**What needs to be done:** Please print, exactly as written, the line containing "Israel’s Neta Rivkin" and each line after it through the end of the material; pictures stay out.
Input material: Begin
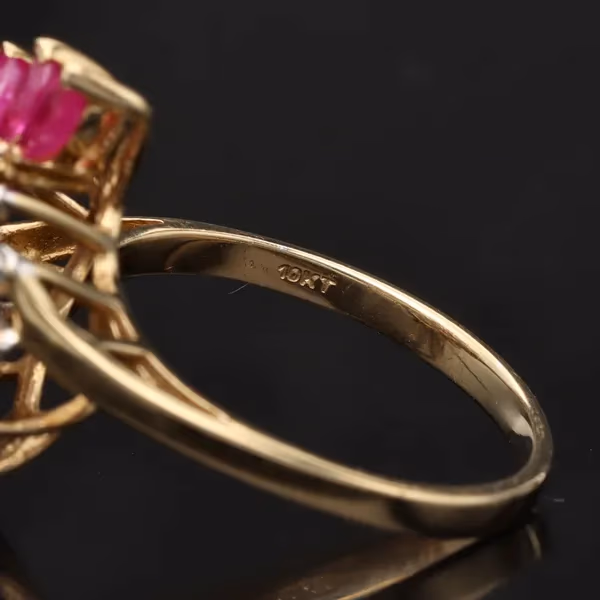 10ct Gold Ruby Diamond Ring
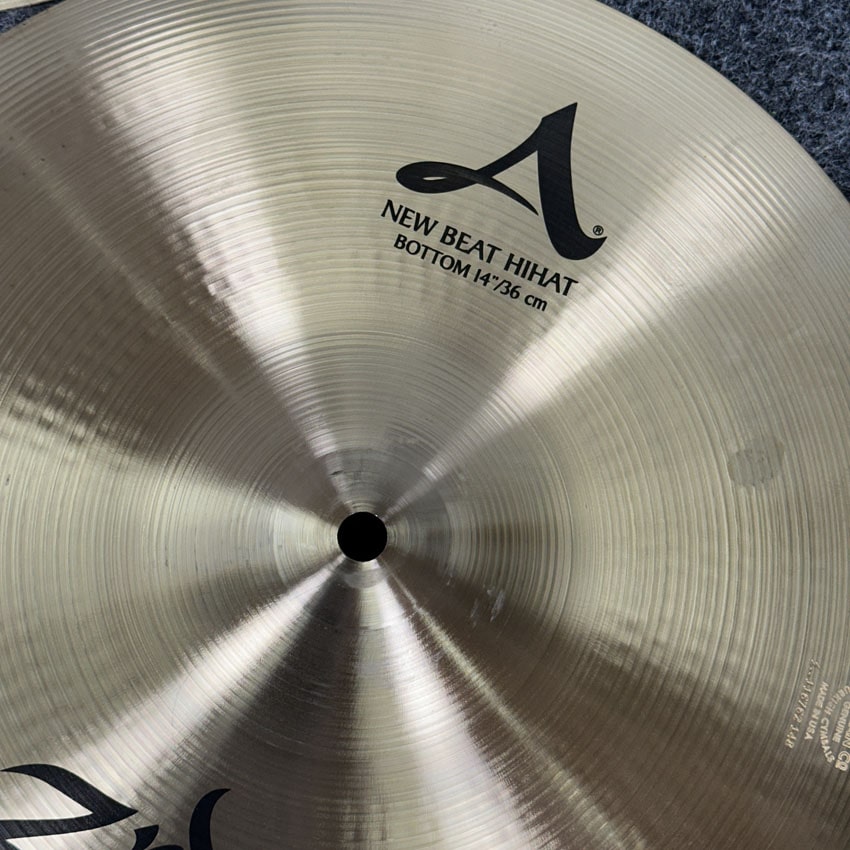 Used Zildjian A New Beat Hi Hat Cymbals 14" - Very Good - Drum Center Of Portsmouth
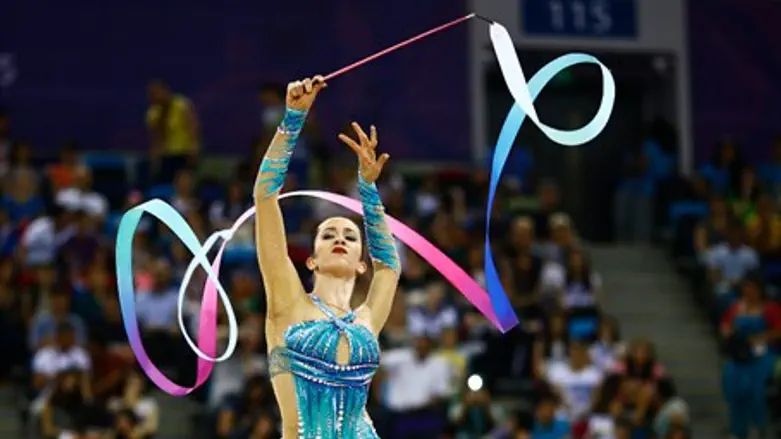 Israel’s Neta Rivkin competes at rhythmic gymnastics final in 2015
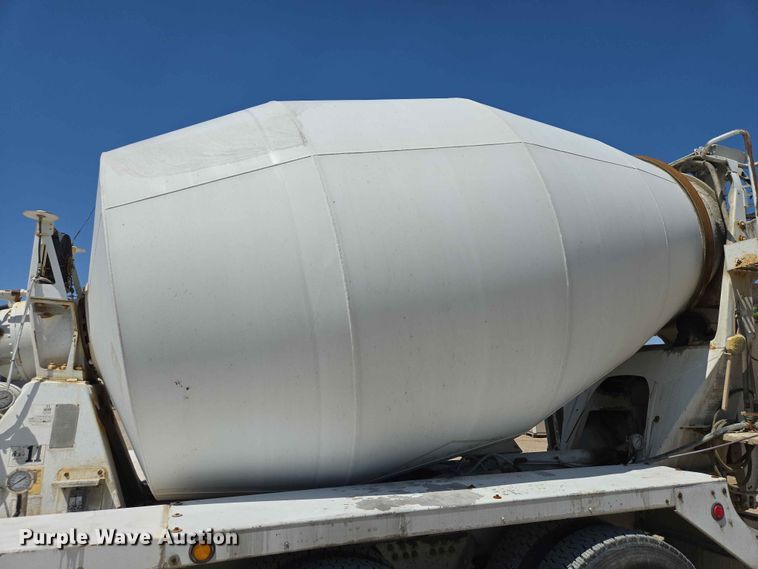 image for item DP8926 2006 Peterbilt 357 ready mix truck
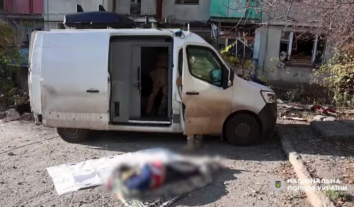 З Костянтинівки до лікарні привезли жінку, яка вижила після російського удару, що забрав життя сусідки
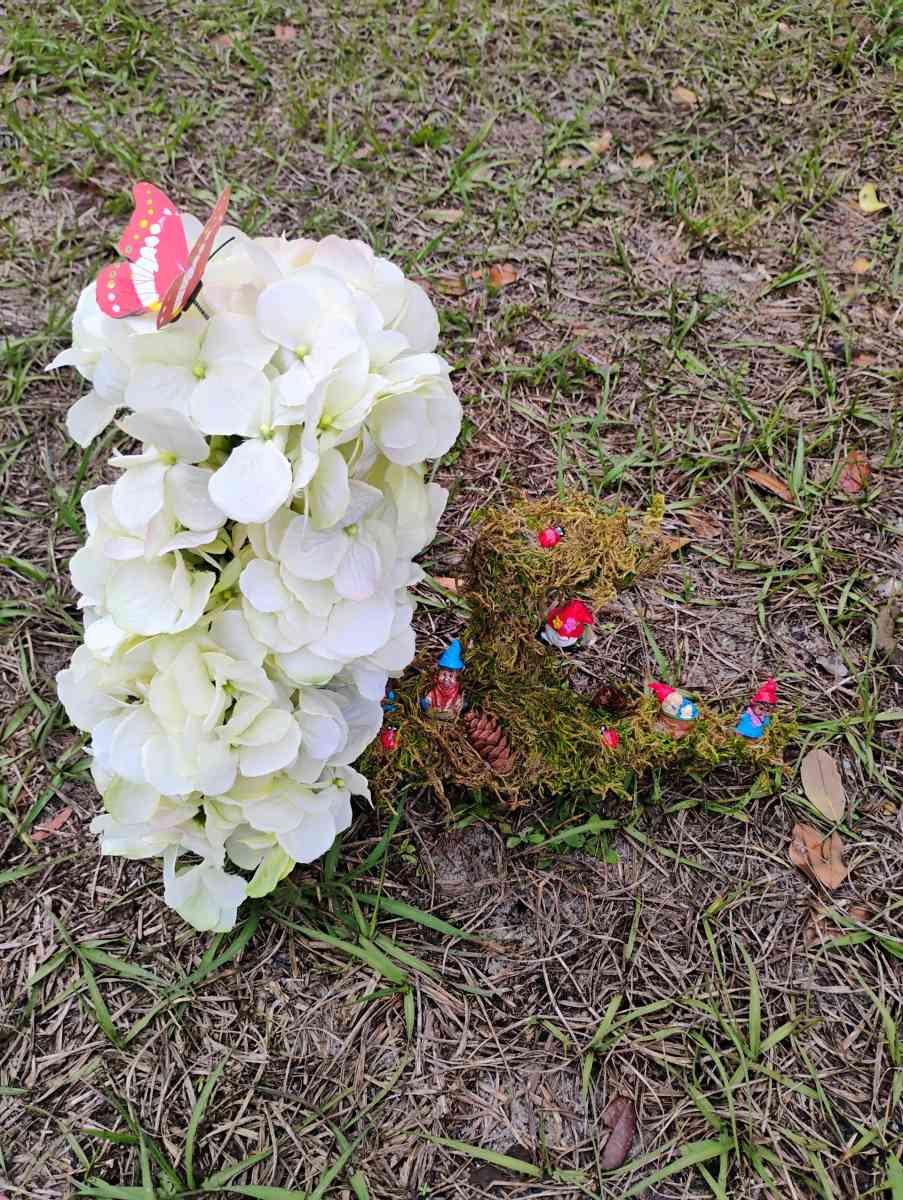 graveside flowers for loved ones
Input material: End
**Result for this task:**
 Israel’s Neta Rivkin competes at rhythmic gymnastics final in 2015
 image for item DP8926 2006 Peterbilt 357 ready mix truck
 З Костянтинівки до лікарні привезли жінку, яка вижила після російського удару, що забрав життя сусідки
 graveside flowers for loved ones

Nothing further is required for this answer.